Лунный свет падал на поля и живые изгороди. Воздух был напоен ароматом цветущего клевера и свежескошенной травы. Дом стоял погруженный во мрак! Ведь было далеко за полночь, и все его обитатели, как обычно, находились в своих постелях.

Чарлз помог Кэтрин выйти из кэба. Он сказал вознице, чтобы тот дал своему коню несколько минут передохнуть, и добавил, что не задержится долго.

– Так вот где вы живете. Теперь я смогу думать об этом доме.

Она повела его по боковой дорожке, объясняя, что любит проникать в дом через оранжерею, если поздно возвращается. Чтобы никого не потревожить. Проходя по оранжерее, они чувствовали, как их щекочут какие-то вьющиеся растения, свисающие отовсюду. Они оказались в благоуханной пещере, среди усыпанных листьями ветвей.

Внезапно он взял ее за обе руки.

– Позвольте мне немного задержаться.

И прежде чем Кэтрин успела что-нибудь ответить, заключил ее в объятия и поцеловал. Это был долгий поцелуй. Когда он наконец отпустил ее, она почувствовала на щеках слезы. И тут же услышала его слова:

– Если бы вы только знали, как страстно ждал я этого мига!

Она мягко, но решительно отстранила его от себя.

– Нет, Чарлз, вам не надо оставаться здесь. Извините, но дети… слуги…

– Я уйду до рассвета.

– Рассвет уже очень скоро. Нет, это слишком рискованно. Кроме того, у мисс Гленнистер слух как у охотничьего пса.

– Кто это, мисс Гленнистер?

– Гувернантка девочек. Я не уверена, что могу доверять ей. Она так восхищается Вилли. – Кэтрин деланно рассмеялась. – По-моему, она тайно влюблена в него. Что бы там ни было… вам лучше уйти.

Он взял в ладони ее лицо и осторожно повернул так, чтобы на него упал свет луны.

– Я люблю вас!

Она перестала смеяться.

– Мне хотелось услышать от вас эти слова, и все же они пугают меня. Что мы делаем?..

– Не знаю, Кэт. Не знаю.

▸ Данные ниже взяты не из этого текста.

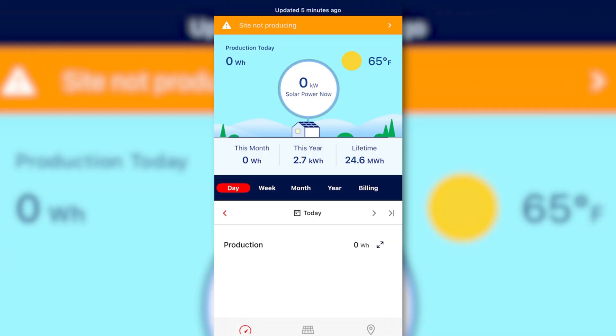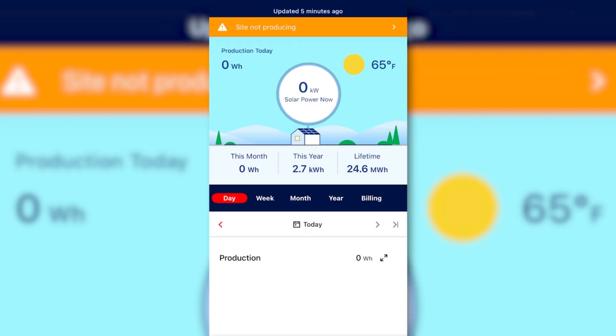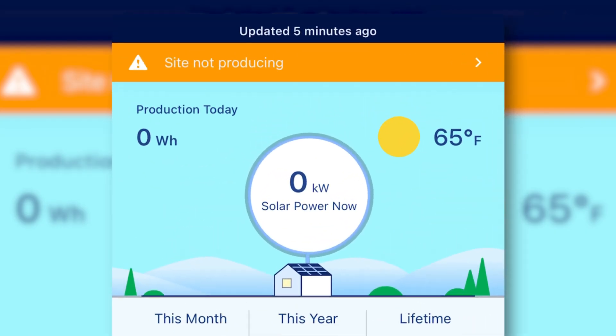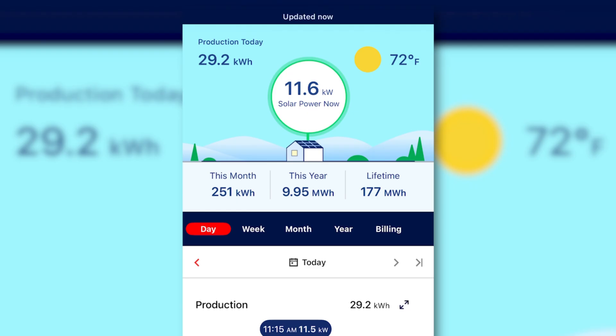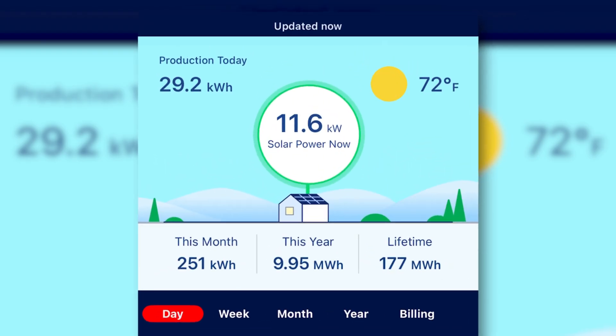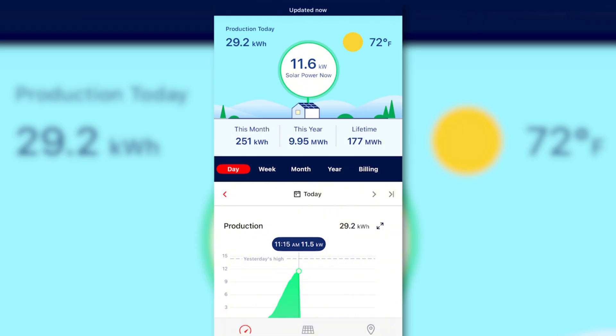The first step to troubleshooting your inverter's communication is to pull out the My SolarEdge app. In this first screenshot, we are showing a system that is not communicating and producing properly. We can see at the top there is an error message with a caution symbol saying 'site is not producing.' In this second screenshot, we are showing a system that is communicating and producing as it should. We can see there are no error messages, and in the middle of the screen there is a representation of how much power is being produced at this current moment. This is what your screen should look like.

Могу сказать одно: я не собираюсь довольствоваться этим малым.

– Но вы должны смириться: это все, что мы можем себе позволить. И не только из-за детей, но и из-за вашей карьеры. Что скажут в вашей партии, если узнают, чем мы занимаемся?

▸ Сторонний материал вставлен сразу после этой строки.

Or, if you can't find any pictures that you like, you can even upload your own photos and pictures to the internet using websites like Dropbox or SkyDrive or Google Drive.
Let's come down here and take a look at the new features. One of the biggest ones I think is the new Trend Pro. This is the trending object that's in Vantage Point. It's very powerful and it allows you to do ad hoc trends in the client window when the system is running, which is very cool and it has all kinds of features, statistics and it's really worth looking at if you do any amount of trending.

– Пусть говорят что хотят!

– Нет, нет, это какое-то безумие при свете луны! Наступит утро, и вы сами все поймете, уверяю вас. Вы не станете разрушать то хорошее, что делаете для вашей страны и ради женщины. Женщины, на которой вы не сможете жениться.

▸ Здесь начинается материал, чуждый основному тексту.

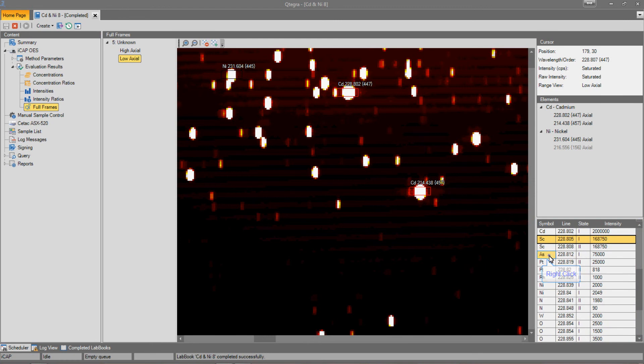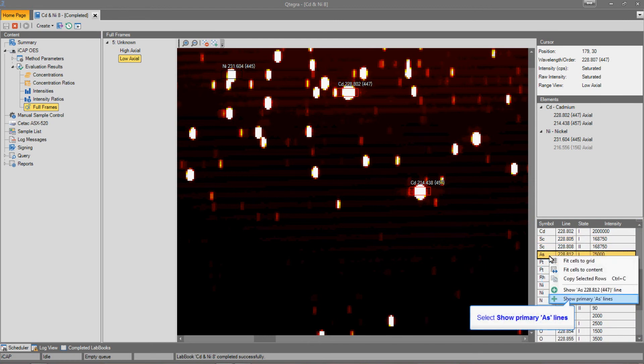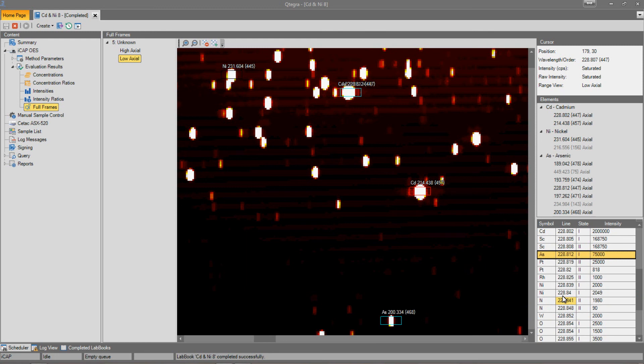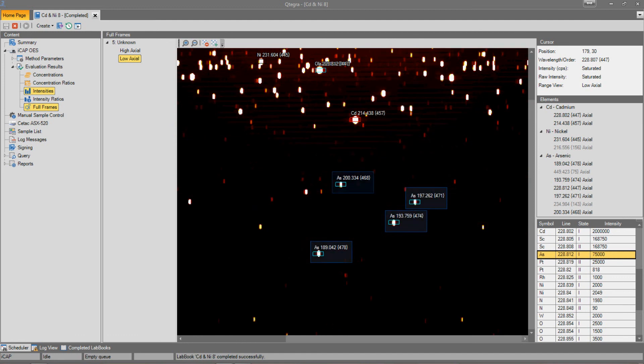I suspect here that the interference is arsenic, so let's right-click on the arsenic. And then if we select Show Primary Arsenic Lines, the primary arsenic lines are added into the full-frame image.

– Если это стало испытанием… – прошептал он. Внезапно его охватила дрожь. Он поднял лицо, и при тусклом свете луны Кэтрин увидела, как оно сурово и ясно. – Почему-то одна моя половина должна непременно бороться со второй, – произнес он так, словно обращался к себе.

До слуха их донесся звон колокольчиков ожидающего кэба. Кэбмен явно проявлял нетерпение. Чарлз отвесил резкий короткий поклон, не пытаясь коснуться ее вновь.

– Так вы выпьете со мной чаю завтра? Если приедете на пятичасовом, то я вас встречу.

Она кивнула, чувствуя, что получила временную передышку, и почему-то ей стало намного легче думать о том, как он в одиночестве отправится в долгий обратный путь. И еще она подумала, как станет жить, беспокоясь о нем каждый миг, когда его не будет рядом с нею.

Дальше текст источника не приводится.